[Short text fragments from websites]
**********

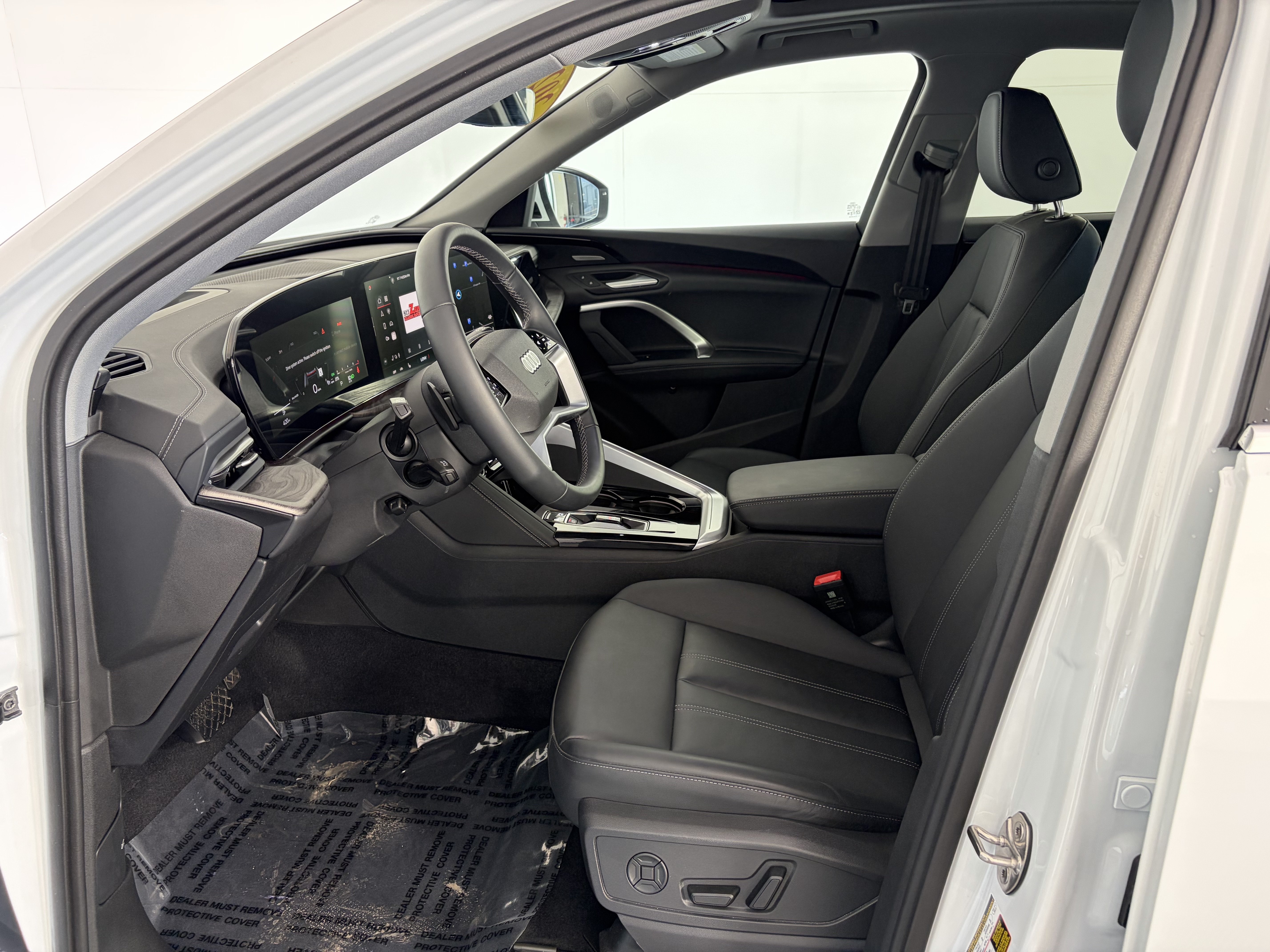 Used 2025 Audi Q5 Premium Plus AWD/4WD image 6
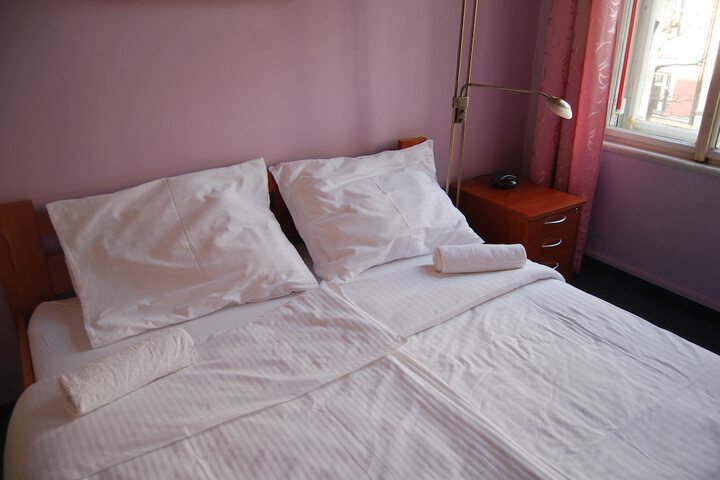 Room 6 of 106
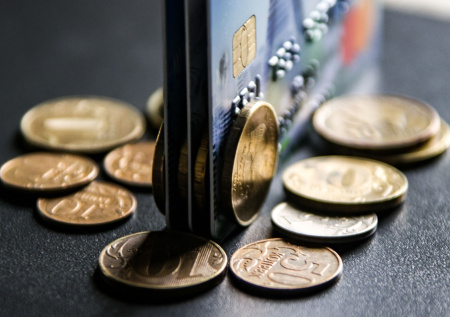 В России запретят повышать цену товара при рассрочке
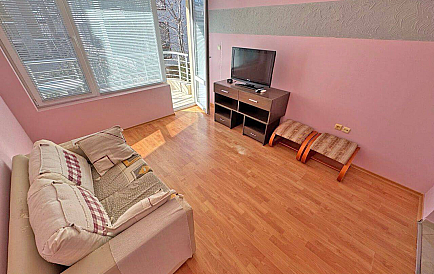 ID 13840 Studio-Apartment in Nev Foto 1 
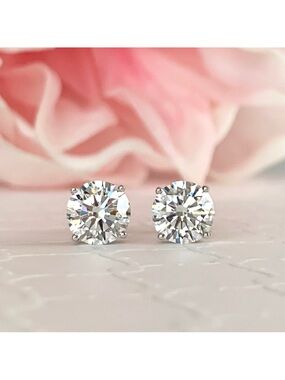 Classic Round-Cut Solitaire Stud Earrings - White/Silver 2ct each 4 ct total.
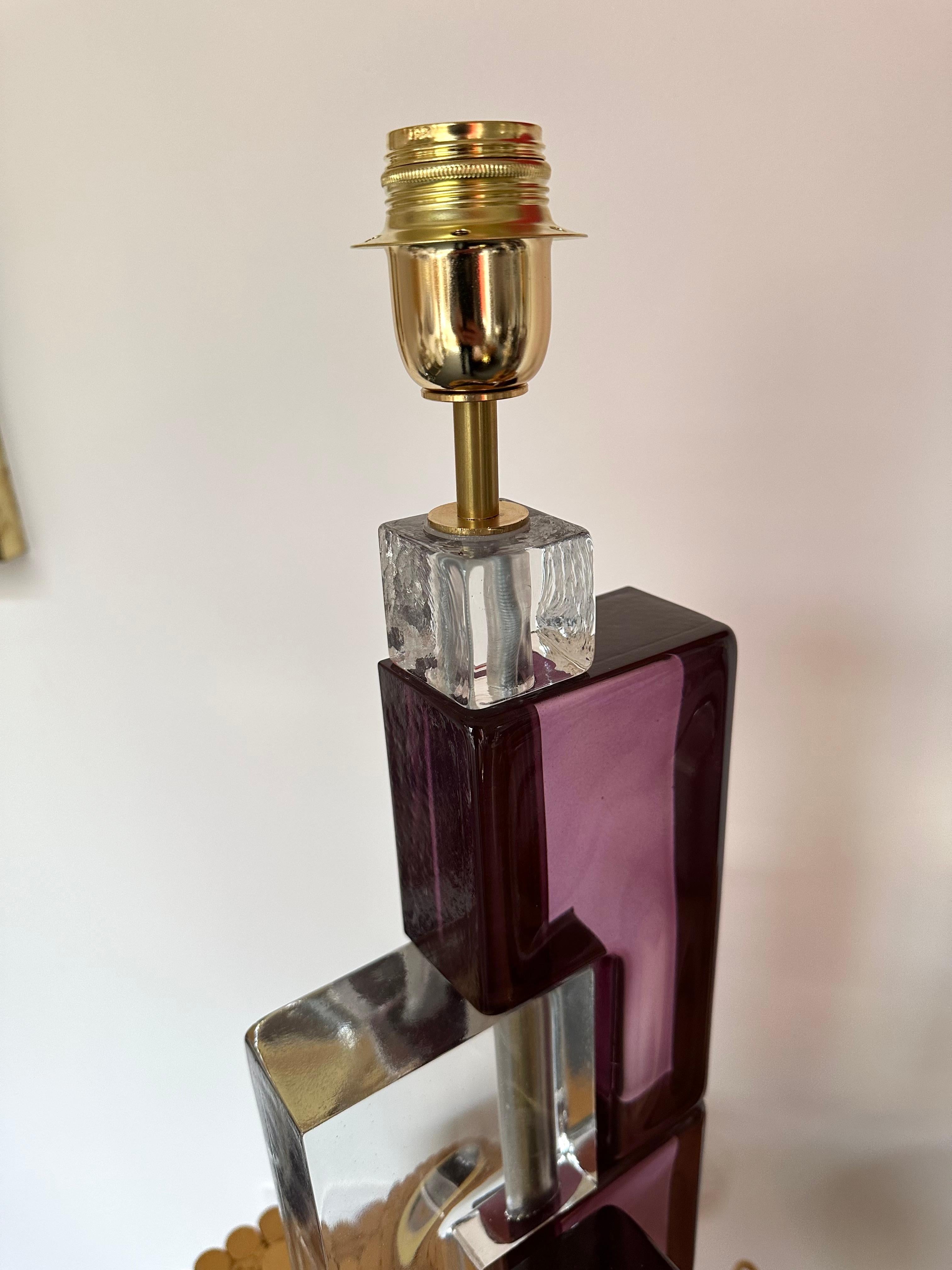 Contemporary Pair of Lamps Amethyst Cubic Murano Glass and Brass, Italy For Sale 4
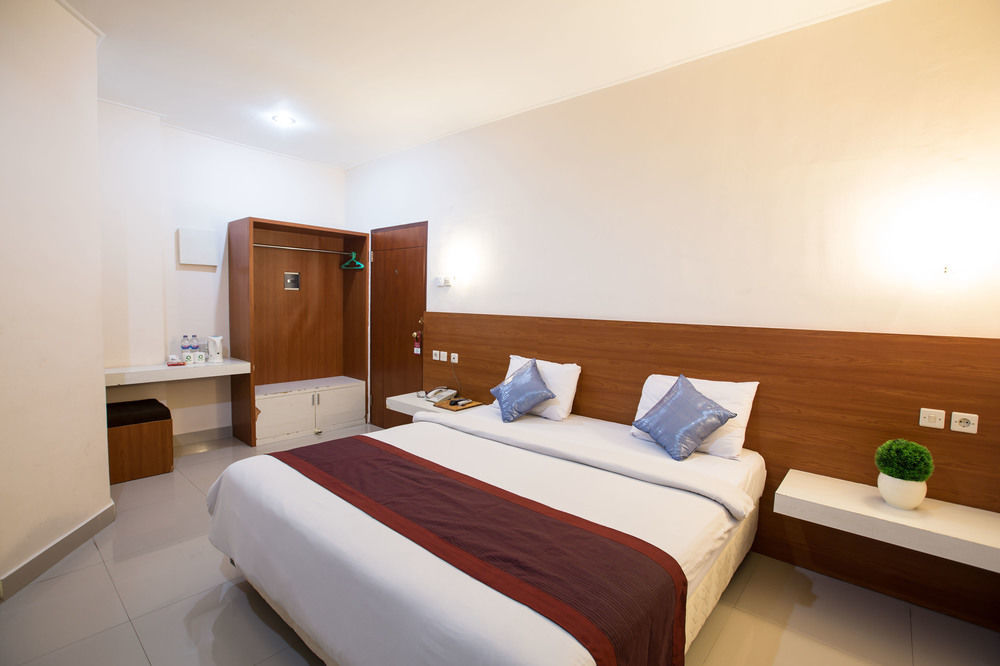 Hotel Reddoorz @ Raya Kuta Kuta Lombok Exterior foto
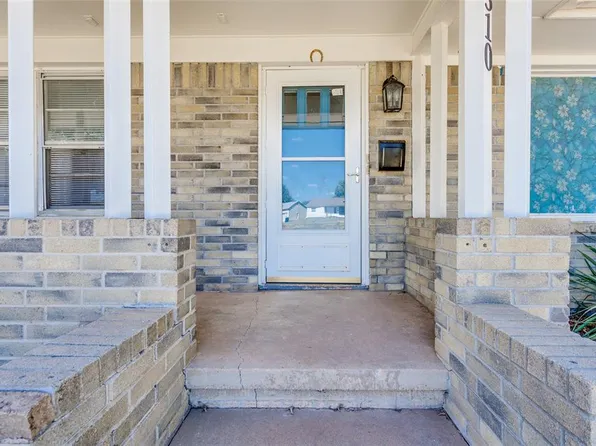 1310 Sherry Ln, Shawnee, OK 74801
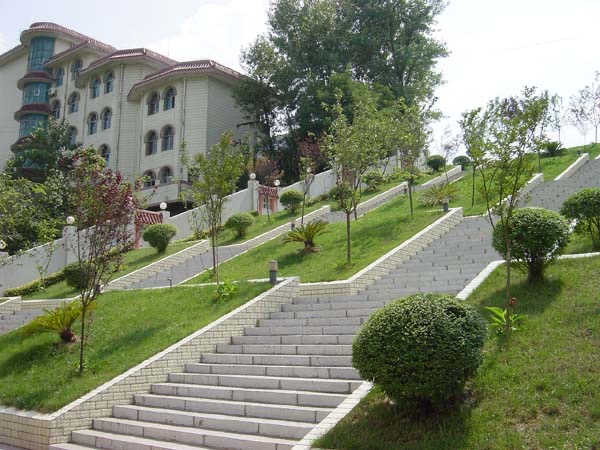  p>贵阳市民族中学是贵阳市境内一所由 a href="#" data-lemmaid="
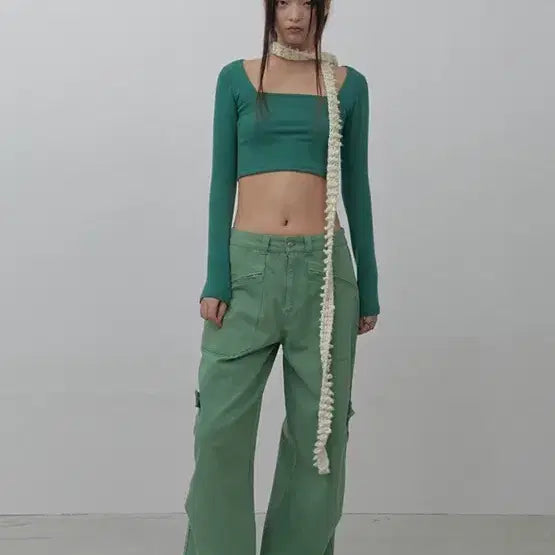[BUNJANG] Saisra Square Fitted Long Sleeve Crop Top T-Shirt / 세이스라 스퀘어 피티드 탑 크롭탑 크롭 티셔츠 긴팔 새상품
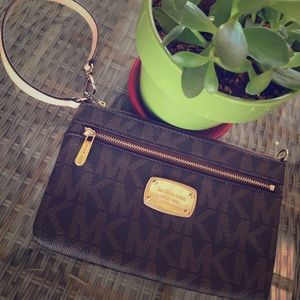 Michael Kors Wristlet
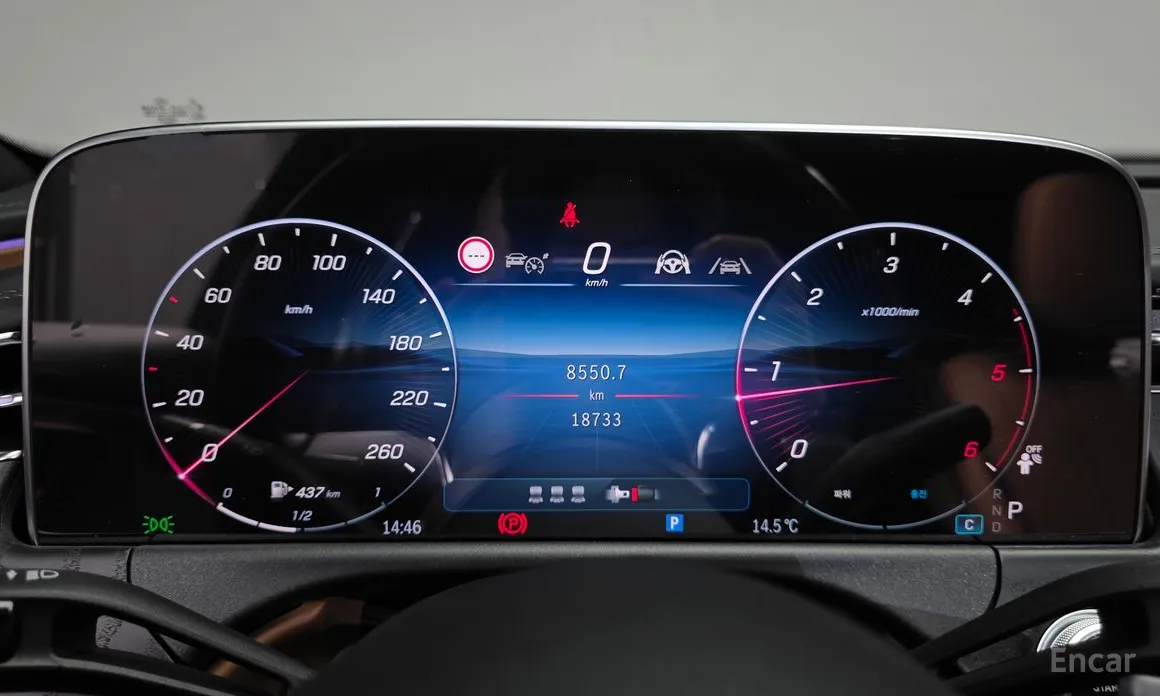 Фото 8 - Mercedes-Benz E-Class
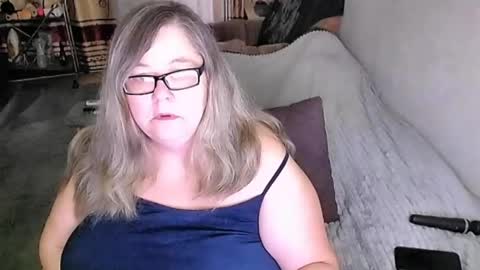 Snapshot of tviks chatting on May 2026 10:37:01 PM Lana online show from May 2026 10:37:01 PM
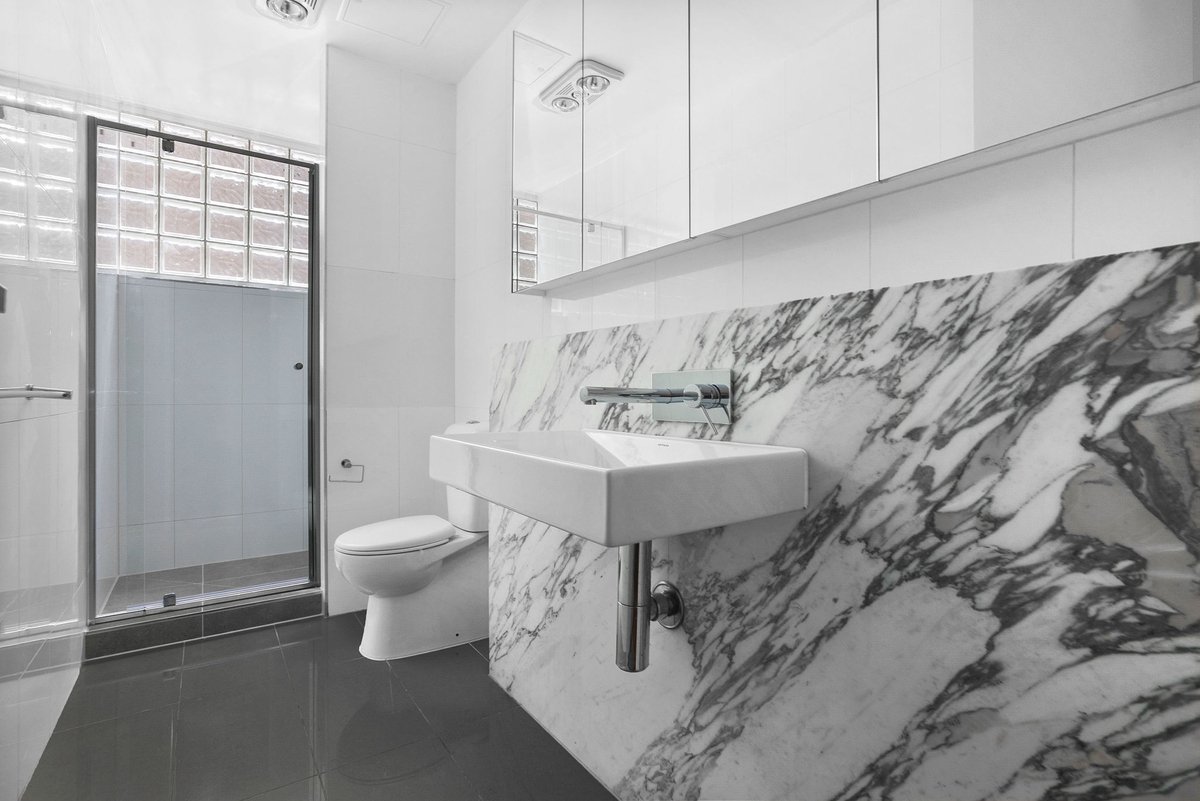 5 / 464 Hawthorn Road Caulfield South - Residential for lease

**********

= TASK TO CARRY OUT =
Could you write out all the records exactly, without the pictures?

= ANSWER SPACE =
 Used 2025 Audi Q5 Premium Plus AWD/4WD image 6
 Room 6 of 106
 В России запретят повышать цену товара при рассрочке
 ID 13840 Studio-Apartment in Nev Foto 1 
 Classic Round-Cut Solitaire Stud Earrings - White/Silver 2ct each 4 ct total.
 Contemporary Pair of Lamps Amethyst Cubic Murano Glass and Brass, Italy For Sale 4
 Hotel Reddoorz @ Raya Kuta Kuta Lombok Exterior foto
 1310 Sherry Ln, Shawnee, OK 74801
  p>贵阳市民族中学是贵阳市境内一所由 a href="#" data-lemmaid="
[BUNJANG] Saisra Square Fitted Long Sleeve Crop Top T-Shirt / 세이스라 스퀘어 피티드 탑 크롭탑 크롭 티셔츠 긴팔 새상품
 Michael Kors Wristlet
 Фото 8 - Mercedes-Benz E-Class
 Snapshot of tviks chatting on May 2026 10:37:01 PM Lana online show from May 2026 10:37:01 PM
 5 / 464 Hawthorn Road Caulfield South - Residential for lease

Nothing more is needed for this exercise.